[EXERCISE DATA — start]
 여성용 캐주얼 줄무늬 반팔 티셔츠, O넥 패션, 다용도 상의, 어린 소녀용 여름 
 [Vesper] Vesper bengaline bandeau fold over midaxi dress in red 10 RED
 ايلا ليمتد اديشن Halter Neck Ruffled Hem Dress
[EXERCISE DATA — finish]
[EXERCISE DATA — start]
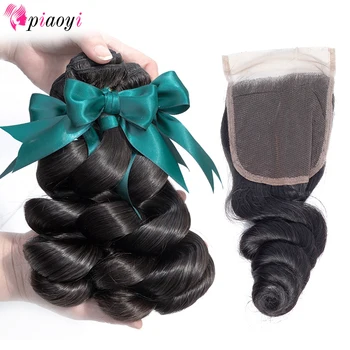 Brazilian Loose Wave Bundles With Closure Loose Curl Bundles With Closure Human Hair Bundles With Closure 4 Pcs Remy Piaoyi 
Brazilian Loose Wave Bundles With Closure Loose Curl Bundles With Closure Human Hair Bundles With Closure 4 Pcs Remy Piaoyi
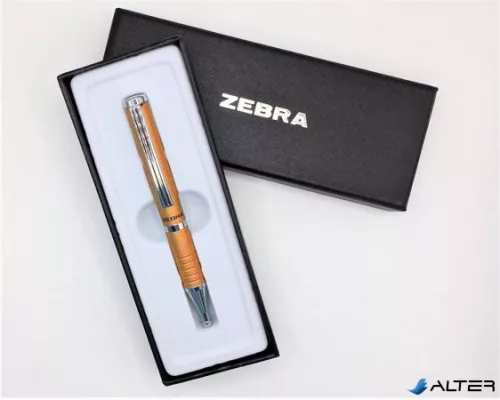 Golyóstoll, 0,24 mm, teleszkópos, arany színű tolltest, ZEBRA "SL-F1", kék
[EXERCISE DATA — finish]
* **DIRECTIONS**: Go to the line in the material above that contains "여성용 캐주얼 줄무늬" and copy exactly from there through the line that contains "ايلا ليمتد اديشن", stopping after it.

* **RESPONSE**:
 여성용 캐주얼 줄무늬 반팔 티셔츠, O넥 패션, 다용도 상의, 어린 소녀용 여름 
 [Vesper] Vesper bengaline bandeau fold over midaxi dress in red 10 RED
 ايلا ليمتد اديشن Halter Neck Ruffled Hem Dress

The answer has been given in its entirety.